Si les banques centrales, de par le monde, détiennent les avoirs extérieurs et accumulent donc des réserves de change principalement pour des raisons de politique de change et de prévention des crises, l’accumulation des réserves officielles de change par la Banque d’Algérie entre 2004 et 2008 a constitué un important élément de sauvegarde («buffer») contre les chocs externes (baisses des recettes d’exportation et/ou sorties soudaines de capitaux) résultant de la grave crise financière internationale en cours.

Les réserves  officielles de change détenues par la Banque d’Algérie, qui sont les créances sur les pays émetteurs des devises, constituent la garantie de toute la masse monétaire (en dinars) dans l’économie nationale, c'est-à-dire en possession des agents économiques (Etat, entreprises et ménages). Si la loi définit clairement les devises étrangères comme élément de couverture de la monnaie nationale  (le dinar), la contrepartie de ces réserves de change se retrouve dans l’économie nationale au niveau :

• des dépôts de Sonatrach auprès de la BEA (contrepartie de cessions des recettes d’exportation d’hydrocarbures non utilisées) ;

• des dépôts de l’Etat dans ses comptes tenus sur les livres de la Banque d’Algérie (part de la fiscalité pétrolière non dépensée) ;

• des dépôts des autres agents économiques non financiers auprès des banques.

L’utilisation des réserves de change détenues par la Banque d’Algérie par les agents économiques résidents passe par l’achat de ces réserves sur le marché interbancaire des changes contre monnaie nationale pour répondre à leurs obligations de transfert vers l’étranger, soit au titre de leurs paiements courants (importation de biens et services,…) ou de remboursements d’emprunts et investissements à l’étranger, ce qui entraîne de facto une destruction de monnaie au sens de M2.

Pour mémoire, la monétisation des réserves officielles de change se retrouve, selon les données de fin décembre 2009, en ressources accumulées par l’Etat dans le Fonds de régulation des recettes pour l’équivalent de 59 milliards de dollars, en dépôts de Sonatrach auprès de la BEA pour l’équivalent de 10,6 milliards de dollars, en dépôts des agents économiques non financiers auprès des banques pour l’équivalent de 73,6 milliards de dollars et 4 milliards de dollars en dépôts en devises.    

En particulier, il importe de rappeler que l’Algérie a fait bon usage de ses réserves de change en en consacrant une partie au remboursement par anticipation de la dette extérieure entre 2004 et 2006, c'est-à-dire à la veille de la crise financière internationale. De plus, une position financière extérieure confortable demeure requise pour s’assurer de la bonne réalisation du programme d’investissements publics, tout en préservant la stabilité financière externe.
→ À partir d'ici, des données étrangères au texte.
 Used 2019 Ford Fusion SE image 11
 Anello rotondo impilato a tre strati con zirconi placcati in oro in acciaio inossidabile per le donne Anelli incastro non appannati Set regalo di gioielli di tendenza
Si l’économie nationale a été résiliente face à la crise économique mondiale en 2008 et 2009, notamment grâce à la conduite de politique financière prudente tant au plan de la balance des paiements et de la dette extérieure qu’au plan des finances internes, et a pu atteindre une croissance hors hydrocarbures proche de deux chiffres en 2009, il est aujourd’hui économiquement intelligible et même impératif d’éviter toute démarche conduisant à une mauvaise allocation des ressources (en dinars et en devises).

La disponibilité des ressources en devises (réserves de change) et en dinars (fonds de régulation et liquidité bancaire) a permis à l’économie nationale de faire face à la crise économique mondiale en réalisant une performance économique robuste, tout en poursuivant le programme d’investissements publics en 2008-2009. De tels acquis, en période de grave crise économique mondiale, doivent être consolidés au profit d’une croissance économique endogène et proche de son potentiel, en préservant davantage la stabilité macro économique.

Dans le cadre d’une allocation efficiente des ressources, portée par une intermédiation bancaire solide, l’adéquation avoirs extérieurs – crédits intérieurs est conduite par la Banque d’Algérie d’une manière prudente dans l’objectif de stabilité monétaire et financière. Dans cette phase de poursuite du programme d’investissements publics, nécessaire pour asseoir les bases du développement économique et social de long terme au profit des générations futures, la préservation des réserves de change de l’Algérie doit prendre une place particulière, en terme de priorité, dans la gestion macro-économique.